For me, songwriting always starts by sitting on my bed strumming an unamplified electric guitar with no effects whatsoever, just playing until something catches my ear. It is impossible to hide bad ideas when playing like this: if I can make an idea sound good when the guitar sounds its worst, then I am onto a winner! 

‘Is This Really How It Ends?’ came from one such noodling session where I was attempting to find chords that had a similar ‘ring’ to them as the song, ‘I Ain’t Your Boy’, by Jamie Lenman. Within minutes I found some chords that tickled my fancy, and I started humming a little melody over the top to try and prompt some lyrics.

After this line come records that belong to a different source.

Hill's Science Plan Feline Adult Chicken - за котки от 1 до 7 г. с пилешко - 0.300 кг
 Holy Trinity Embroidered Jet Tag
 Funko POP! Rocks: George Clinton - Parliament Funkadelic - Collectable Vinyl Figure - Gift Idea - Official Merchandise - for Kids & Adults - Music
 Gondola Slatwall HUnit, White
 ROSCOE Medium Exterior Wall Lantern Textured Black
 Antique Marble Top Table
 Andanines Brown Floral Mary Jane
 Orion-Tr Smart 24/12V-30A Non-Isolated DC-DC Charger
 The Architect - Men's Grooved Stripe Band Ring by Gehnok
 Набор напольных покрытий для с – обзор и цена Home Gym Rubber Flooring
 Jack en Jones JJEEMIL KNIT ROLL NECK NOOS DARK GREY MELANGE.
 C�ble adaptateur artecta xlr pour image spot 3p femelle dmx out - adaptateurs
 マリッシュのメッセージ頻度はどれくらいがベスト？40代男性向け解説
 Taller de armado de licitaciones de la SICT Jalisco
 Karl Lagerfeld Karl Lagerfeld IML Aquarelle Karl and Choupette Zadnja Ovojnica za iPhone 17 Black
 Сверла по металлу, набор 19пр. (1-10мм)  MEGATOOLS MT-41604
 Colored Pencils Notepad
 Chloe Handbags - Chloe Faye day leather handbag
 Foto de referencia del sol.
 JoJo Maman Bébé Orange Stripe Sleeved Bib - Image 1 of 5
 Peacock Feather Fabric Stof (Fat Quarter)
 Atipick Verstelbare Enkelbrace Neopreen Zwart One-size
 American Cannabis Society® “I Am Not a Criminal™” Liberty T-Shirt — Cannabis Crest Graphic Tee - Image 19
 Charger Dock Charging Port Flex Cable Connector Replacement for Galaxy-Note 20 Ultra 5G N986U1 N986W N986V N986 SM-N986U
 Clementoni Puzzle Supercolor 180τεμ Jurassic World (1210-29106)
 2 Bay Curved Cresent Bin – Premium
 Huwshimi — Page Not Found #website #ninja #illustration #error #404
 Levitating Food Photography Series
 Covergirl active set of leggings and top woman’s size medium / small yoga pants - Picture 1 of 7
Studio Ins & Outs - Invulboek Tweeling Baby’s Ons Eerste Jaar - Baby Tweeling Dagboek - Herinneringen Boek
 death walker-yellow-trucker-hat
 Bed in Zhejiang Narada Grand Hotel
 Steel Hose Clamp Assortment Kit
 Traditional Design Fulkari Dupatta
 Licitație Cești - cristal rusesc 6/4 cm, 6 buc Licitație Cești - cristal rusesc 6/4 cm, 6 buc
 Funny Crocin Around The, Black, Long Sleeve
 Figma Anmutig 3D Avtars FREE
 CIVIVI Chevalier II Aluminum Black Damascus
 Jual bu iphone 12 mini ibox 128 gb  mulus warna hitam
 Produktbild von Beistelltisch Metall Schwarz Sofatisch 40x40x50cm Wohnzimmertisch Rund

The sound of the words is just as important (if not more important) than the meaning of the words, so I find sound-matching syllables to a melody is a great way to start searching for that killer first line of lyrics which then dictates the direction the song will go.

Fortunately, as soon as the line ‘When you hear that voice out loud’ popped into my head, I knew I could turn that into a story describing my frustrations at being a songwriter who cannot sing very well, and then suddenly, twenty minutes later, the song in its final form was completely finished.

When it all comes together that quickly, you know you are onto something decent.

When it came to recording, I planned to record almost all the parts myself, however the two big roles I needed to fill on the track (and album) were lead vocals and drums. Not surprisingly given I had written a song about how I can’t sing, I was not keen on singing this myself, and after roughly two years of unsuccessfully looking locally for a vocalist, I decided to look online and see what alternatives were available.

I was blessed to find Leanne “LeeLoo” Greenman, an American vocalist based in Europe, who thankfully offered her services to sing on the album remotely. LeeLoo has an incredibly powerful and versatile voice that is perfect for a song with wide dynamic range like this, and she went above and beyond with the performance she delivered! As did the drummer, Mark Spiteri, who absolutely nailed the chaotic drum ending I was after. The drum performance inspired me to create the music video for the track as something which highlights just how impressive the drumming is.

The biggest highlight of recording the track was putting together the ‘pub-choir’ to chant the vocals at the end of the song. I wanted this ending to sound massive like a crowd singing a chorus back to the band at a live gig, so I invited as many of my family and friends as I could to Zen Studios in St Peters one afternoon to come and lend their voices to the cause.

It honestly feels so special to include all my favourite people on the track and make it as much ‘their’ song as it is mine. Geoffrey Lee at Zen did a remarkable job of blending all the voices together and polishing the final track to give that big, chaotic ending I was after.